Stop is stronger than the old pause concept. It is the operator's way to say
"this agent should not continue owning execution resources".

## Queue And Message Behavior

Queued messages are durable scheduler inputs. `Stop` must not delete them.

While stopped:

- public/operator ingress may still append durable messages if admission policy
  allows it;
- the runtime must not process the queue;
- the scheduler decision for stopped posture is `Stop` or a lifecycle no-op;
- message admission must not wake the stopped agent into runnable posture.

After `Start`, queued messages are processed according to the scheduler
contract. Existing queue replay rules still apply:

- `Queued` and `Dequeued` messages may replay at the message level;
- `Processed`, `Aborted`, `Interjected`, and `Dropped` messages do not replay as
  normal queued messages.

## Task Behavior

`Stop` and task tools serve different purposes.

- `TaskStop` controls one managed task.
- Agent `Stop` controls runtime ownership for the whole agent.

On agent `Stop`:

- runtime-owned cancellable task handles should receive cancellation;
- command tasks, child-agent supervision tasks, task-owned worktree tasks, and
  sleep jobs should transition through the task reducer where possible;
- if a task cannot be cancelled cleanly or its handle is already gone, mark it
  `Interrupted` with evidence that the agent stopped;
- terminal tasks remain terminal;
- background task output that arrives after stop may be recorded as durable
  evidence, but it must not cause model reentry until a future `Start`.

A future implementation may distinguish externally-owned tasks from
runtime-owned tasks. The default for current runtime-owned task records should
be conservative: do not assume they remain live after agent `Stop`.

## Workspace Occupancy

`Stop` releases active workspace occupancy.

It should not remove workspace history or attachments. The agent may keep its
workspace binding records so a future `Start` can re-enter or re-acquire the
workspace according to workspace policy.

This keeps the resource ownership boundary clear:

- stopped agents do not hold exclusive write occupancy;
- started agents acquire workspace occupancy when execution requires it;
- failure to release occupancy should be reported as a lifecycle/control error,
  not silently ignored.

## Timers, Sleep, And Wake Hints

`Stop` cancels runtime-owned autonomous wakeups.

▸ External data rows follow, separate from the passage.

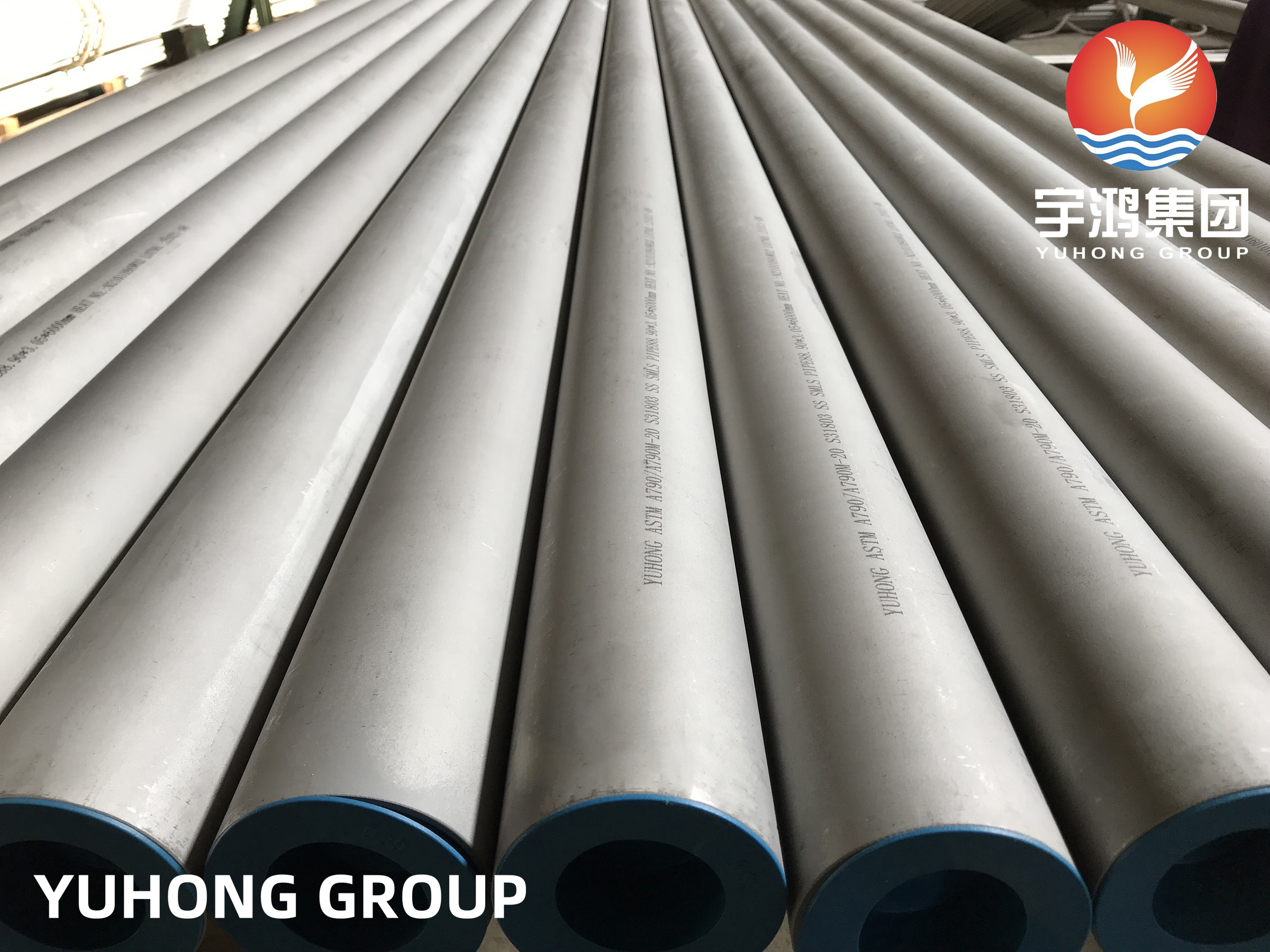 Duplex Stainless Steel Pipe/Tube for Sale
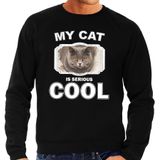 Britse korthaar katten trui / sweater my cat is serious cool zwart - heren - katten / poezen liefhebber cadeau sweaters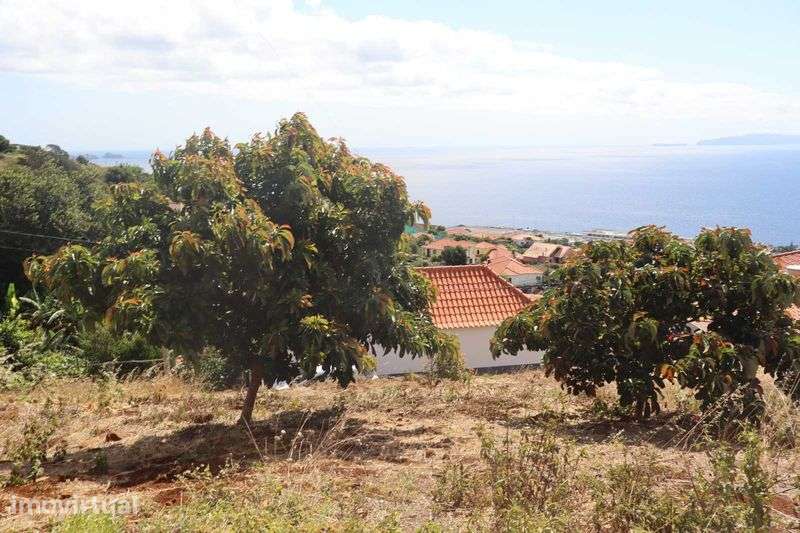 Terreno para Moradia em Santa Cruz - Grande imagem: 3/6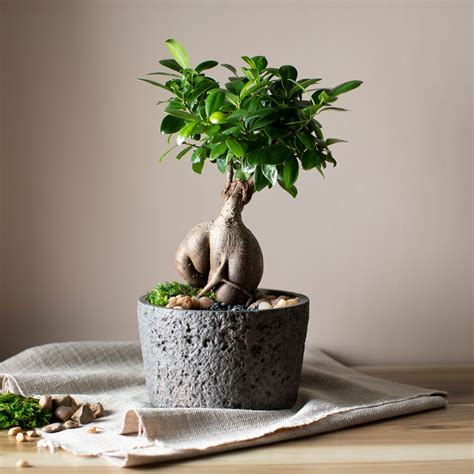 Ginseng ficus bonsai care – growing ginseng ficus as a bonsai tree ...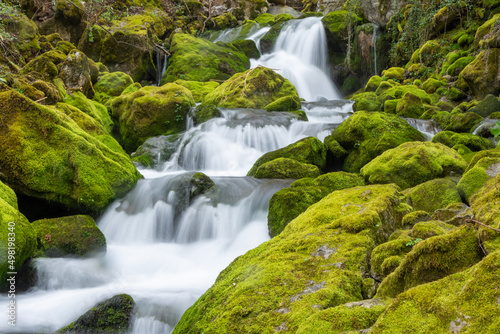 mountain stream to the Vase trail
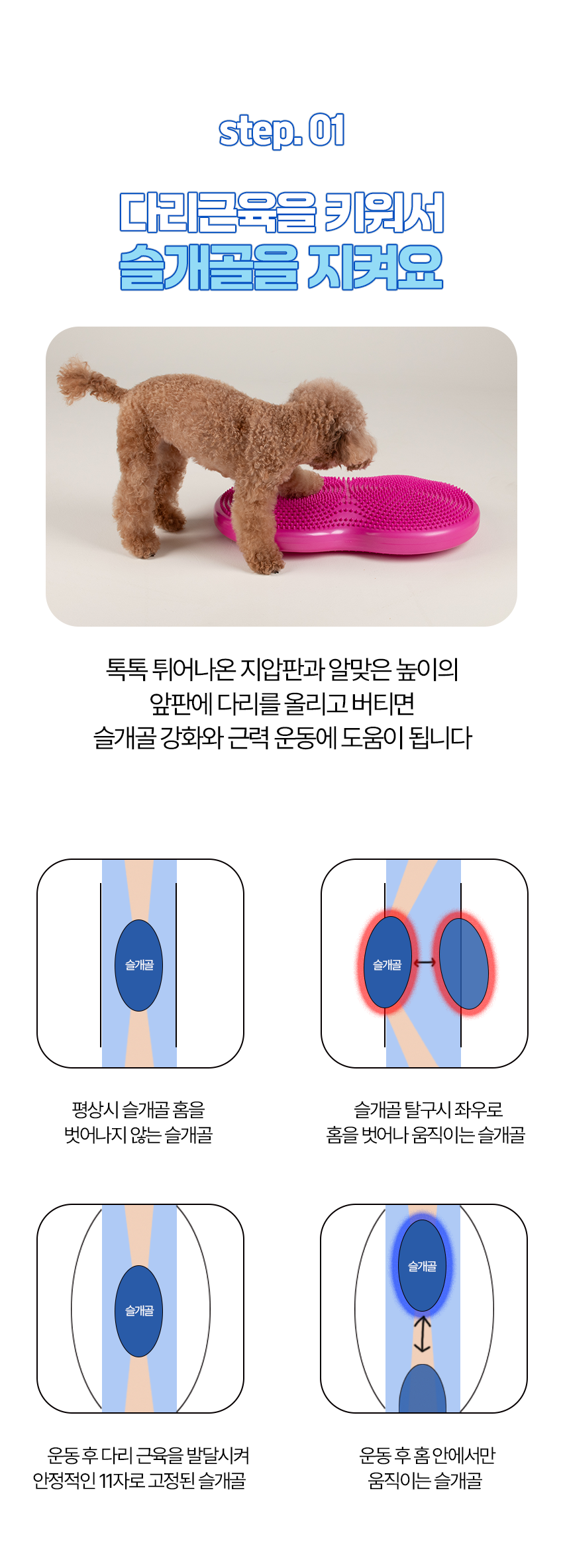[NEW신상][무료배송] 페키움 강아지 더블디스크 밸런스 짐볼 7번째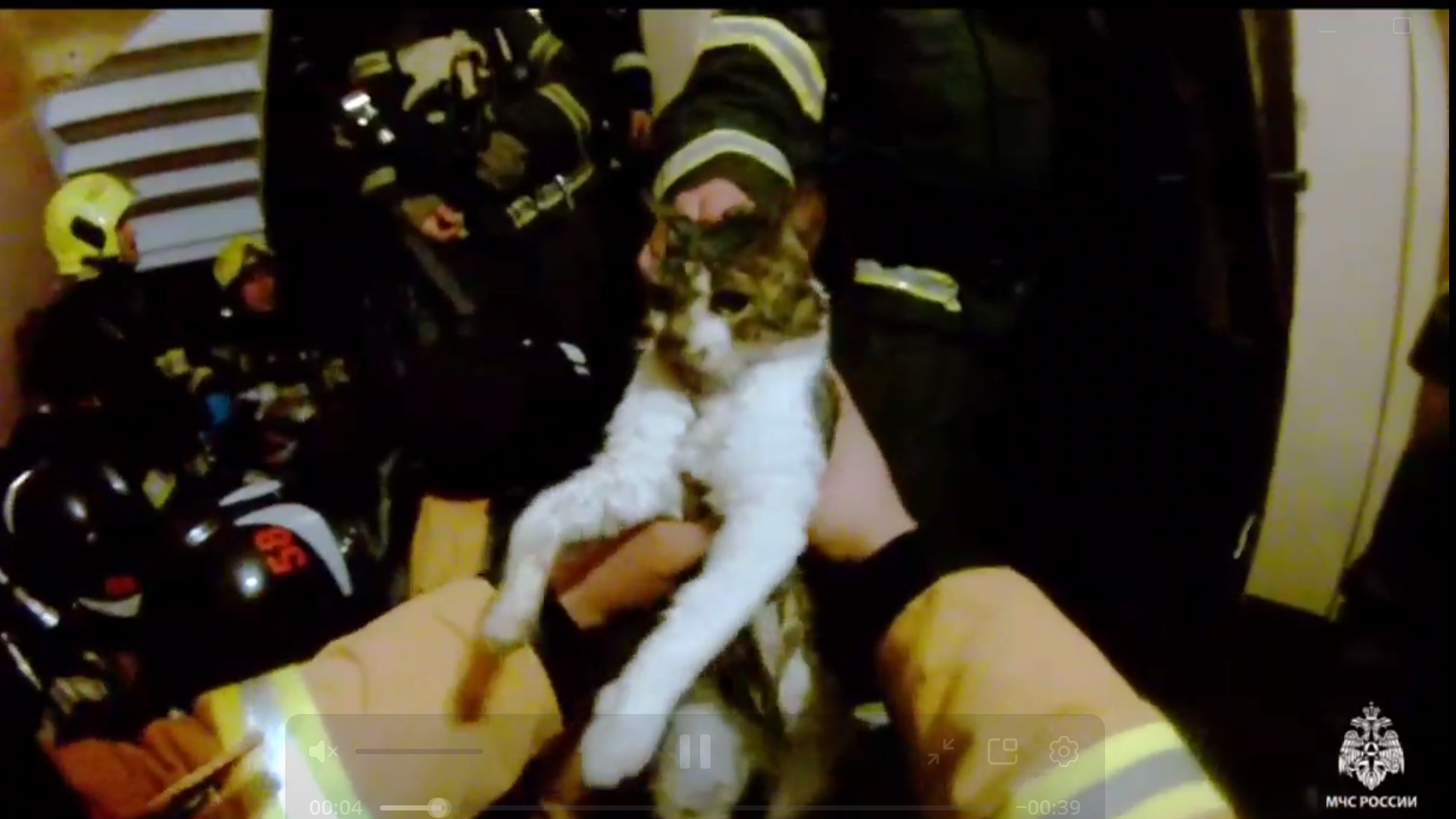 Спасатели Петербурга при тушении пожара вытащили из огня 9 кошек и собаку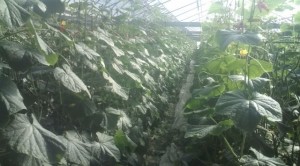 �摜(300x166)�E�g��摜(640x355)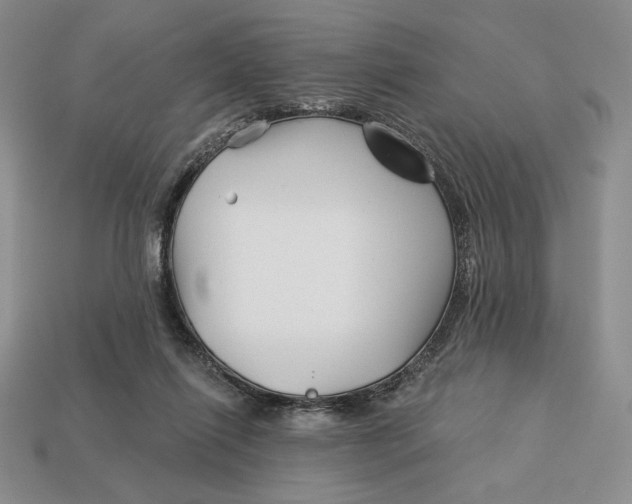 X0000113120262200909181654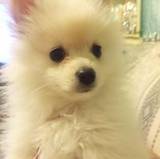 Lucy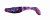 BLUE FOX SDT70 (новый)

- session sleep wake tasks should become inert after stop;
- pending wake hints whose only purpose is to resume autonomous work should be
  cleared or ignored while stopped;
- durable timer records may remain in the ledger, but timer delivery must not
  wake a stopped agent into runnable posture;
- after `Start`, active durable timers can be re-evaluated by the waiting plane.

## Scheduler Boundary

This RFC preserves the scheduler RFC boundary:

- lifecycle control decides whether the agent is runnable;
- scheduler decides what a runnable agent should do next.

`Stopped` is a hard scheduler gate. For stopped agents,
`decide_next_action` should produce `Stop` or a liveness-only no-op decision and
must not produce `StartModelTurn`, `ReduceMessageOnly`, or `EmitSystemTick`.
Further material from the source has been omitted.